INFORMATION SHOWN:
'''
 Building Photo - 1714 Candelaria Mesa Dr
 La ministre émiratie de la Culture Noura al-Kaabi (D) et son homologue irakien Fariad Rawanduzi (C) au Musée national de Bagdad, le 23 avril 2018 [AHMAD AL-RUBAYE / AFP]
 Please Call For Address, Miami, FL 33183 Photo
'''
YOUR OBJECTIVE: Please tally the lines of the listing that include the string "Photo". The number is the whole answer.

EXERCISE OUTPUT: 2